In my future plans I will buy some accessory for the speedlights (mobile softboxes) to use them outside too. We do not have an empty room in our house to use it for an studio flash system (my three children would kill me).

Another question please:

The only speedlights I used in the last years were the internal of my 7D and the Canon ring-flashlight for my 100mm Macro. I do normally available light fotography (amateur quality). So I tried to use my 550EX speedlight yesterday - after a couple of years for the first time again. 
But I am not satisfied with the brightness of the shots. They are much to dark. 
No changes have been made on the speedlights or Cams settings. Both (6D and 7D) have these problems. 
But: If I move the switch from the "wireless" controller from off to "master", the exposure is clearly better (brighter).
And if I raise the head of the speedlight to flash indirectly, the exposure is correct.
Is this just my user ignorance, or might there be an hardware problem?

Daniela

Oh, and my husband told me to study English, not to learn how to become an better photographer.... machismo :


----------



## Mt Spokane Photography (Jun 25, 2014)

daniela said:


> Thanks for your replies!
> Maybe the best thing would be to start with the 430 Speedlight and train to use the speedlights in M mode. Then, when trained, Iwill buy some third party speedlights to use them for better lighting.
> 
> In my future plans I will buy some accessory for the speedlights (mobile softboxes) to use them outside too. We do not have an empty room in our house to use it for an studio flash system (my three children would kill me).
> ...


 
Your English is fine, I understand it well.

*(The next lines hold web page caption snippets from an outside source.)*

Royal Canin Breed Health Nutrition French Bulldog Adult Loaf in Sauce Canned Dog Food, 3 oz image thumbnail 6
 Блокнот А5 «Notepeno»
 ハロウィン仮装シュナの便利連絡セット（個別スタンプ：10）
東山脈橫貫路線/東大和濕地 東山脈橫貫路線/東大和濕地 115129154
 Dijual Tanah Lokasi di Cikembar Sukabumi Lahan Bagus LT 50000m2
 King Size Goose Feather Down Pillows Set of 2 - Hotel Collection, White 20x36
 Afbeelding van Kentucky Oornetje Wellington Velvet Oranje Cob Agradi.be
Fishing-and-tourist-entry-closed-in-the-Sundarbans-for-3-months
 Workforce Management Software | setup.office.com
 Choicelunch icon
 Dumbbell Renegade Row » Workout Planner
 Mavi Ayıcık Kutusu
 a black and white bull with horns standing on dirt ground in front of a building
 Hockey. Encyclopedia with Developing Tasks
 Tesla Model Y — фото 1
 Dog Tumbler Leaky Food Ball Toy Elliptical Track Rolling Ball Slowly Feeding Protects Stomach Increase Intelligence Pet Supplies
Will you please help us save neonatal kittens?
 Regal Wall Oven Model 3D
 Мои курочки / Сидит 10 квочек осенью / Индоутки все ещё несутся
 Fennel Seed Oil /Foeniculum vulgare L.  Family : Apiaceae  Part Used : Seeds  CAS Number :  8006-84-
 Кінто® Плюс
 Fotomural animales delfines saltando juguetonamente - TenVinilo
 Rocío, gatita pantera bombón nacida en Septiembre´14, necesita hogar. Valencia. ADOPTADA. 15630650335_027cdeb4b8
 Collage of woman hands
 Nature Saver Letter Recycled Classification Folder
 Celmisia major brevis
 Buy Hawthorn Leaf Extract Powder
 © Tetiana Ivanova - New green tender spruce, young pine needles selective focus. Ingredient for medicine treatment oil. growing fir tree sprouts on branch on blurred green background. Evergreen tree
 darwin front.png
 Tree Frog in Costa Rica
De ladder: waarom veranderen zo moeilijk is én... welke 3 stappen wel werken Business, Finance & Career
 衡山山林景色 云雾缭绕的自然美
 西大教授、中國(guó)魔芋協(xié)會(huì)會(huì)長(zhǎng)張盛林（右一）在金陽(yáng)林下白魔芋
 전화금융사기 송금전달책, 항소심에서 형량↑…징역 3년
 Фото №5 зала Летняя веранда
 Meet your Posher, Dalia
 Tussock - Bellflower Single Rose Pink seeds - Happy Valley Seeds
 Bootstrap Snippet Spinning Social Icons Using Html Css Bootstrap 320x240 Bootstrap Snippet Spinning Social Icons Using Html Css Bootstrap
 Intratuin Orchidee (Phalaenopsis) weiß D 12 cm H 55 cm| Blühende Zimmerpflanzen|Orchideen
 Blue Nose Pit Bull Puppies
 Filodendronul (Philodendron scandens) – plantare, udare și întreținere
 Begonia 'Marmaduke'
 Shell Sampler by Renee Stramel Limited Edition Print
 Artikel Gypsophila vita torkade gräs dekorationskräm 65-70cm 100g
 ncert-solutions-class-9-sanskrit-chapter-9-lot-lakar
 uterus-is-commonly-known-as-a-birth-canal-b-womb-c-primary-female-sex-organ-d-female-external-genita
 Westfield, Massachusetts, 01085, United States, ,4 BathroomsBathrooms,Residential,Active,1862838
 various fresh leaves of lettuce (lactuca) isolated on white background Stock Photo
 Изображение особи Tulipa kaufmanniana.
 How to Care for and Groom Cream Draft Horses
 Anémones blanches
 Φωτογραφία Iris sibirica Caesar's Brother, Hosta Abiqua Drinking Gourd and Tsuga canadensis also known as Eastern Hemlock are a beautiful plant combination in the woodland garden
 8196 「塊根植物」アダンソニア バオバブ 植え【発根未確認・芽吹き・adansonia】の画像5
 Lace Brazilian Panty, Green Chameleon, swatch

The Camera settings can affect flash exposure a lot. Don't use Av, for example until you understand what its doing, or you may get unexpected results.
When you set the on camera switch to Master, the camera is measuring the light and sending the proper setting to the off camera flash. (It should be set to "slave".

Its not uncommon to have to adjust flash compensation to brighten or darken exposures. It depends a lot on the lighting. Indirect off the ceiling bounce light usually looks better than direct light, and the camera often computes a different exposure for it. I see that as well.

We have some pretty good experts on flash photography here, but the website http://www.strobist.blogspot.com/ contains reliable information from a accomplished expert.


----------



## daniela (Jun 25, 2014)

Mt Spokane Photography said:


> daniela said:
> 
> 
> > Thanks for your replies!
> ...



MUCH THANKS!
I will read in the evening.


----------



## IMG_0001 (Jun 26, 2014)

In P mode (on the camera), the camera will expose the foreground correctly but the background will remain dark. In Av and Tv, the camera will do a normal exposure even if the flash fires, so the flash fills the foreground but all is correctly exposed. If you were shooting P, it might be that bounced light gave a lightter background, providing a more uniform exposure. There may also be different flash compensation settings for master and single flash in the camera and flash menus.


----------